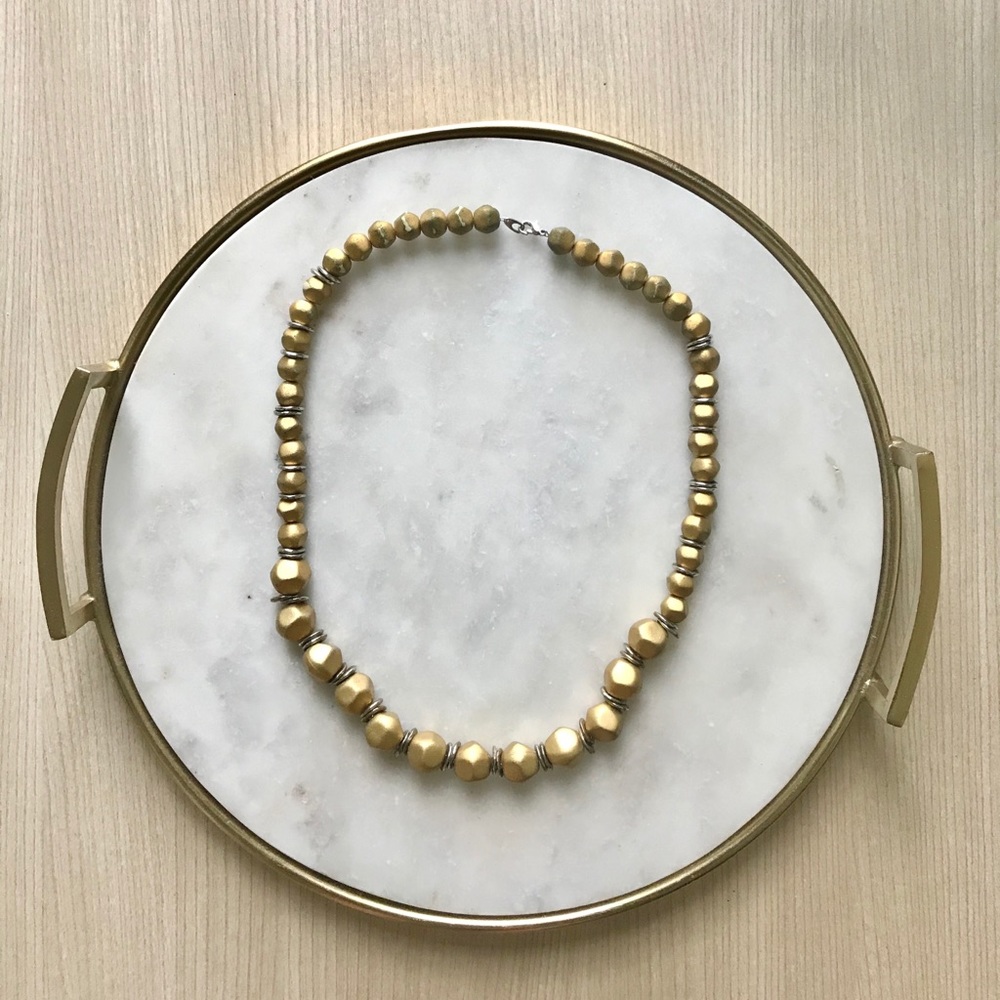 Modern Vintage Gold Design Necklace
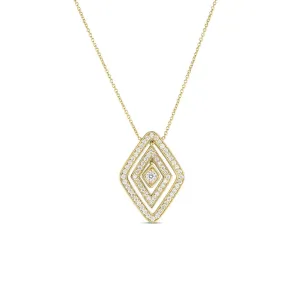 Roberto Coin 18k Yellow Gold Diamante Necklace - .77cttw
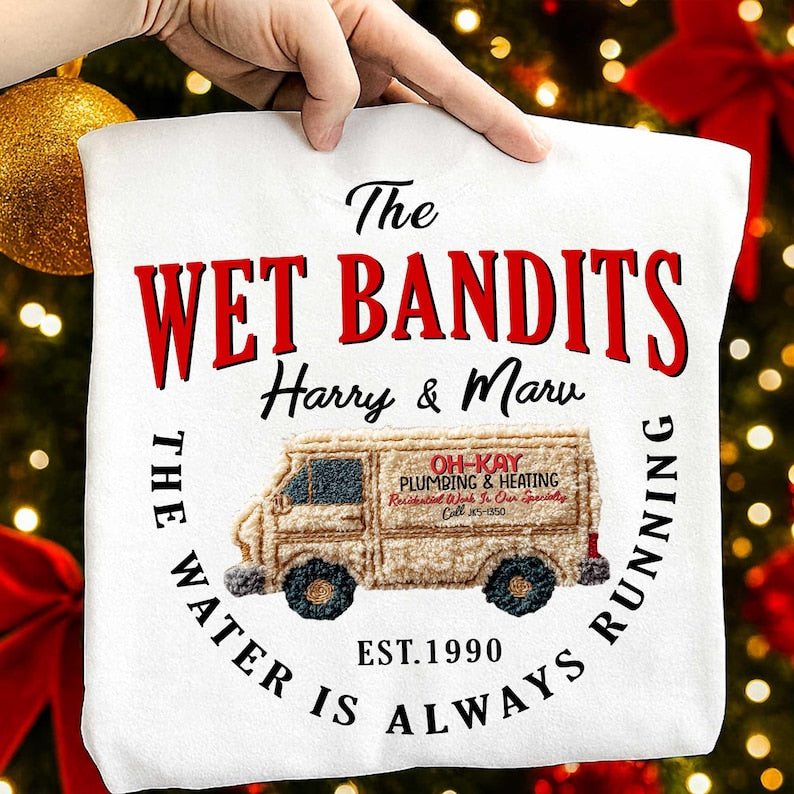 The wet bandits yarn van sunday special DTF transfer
* * *
=== Work task ===
Omit all pictures, and repeat exactly the lines from the line containing "Roberto Coin 18k" through the end of the data.

=== Reply ===
 Roberto Coin 18k Yellow Gold Diamante Necklace - .77cttw
 The wet bandits yarn van sunday special DTF transfer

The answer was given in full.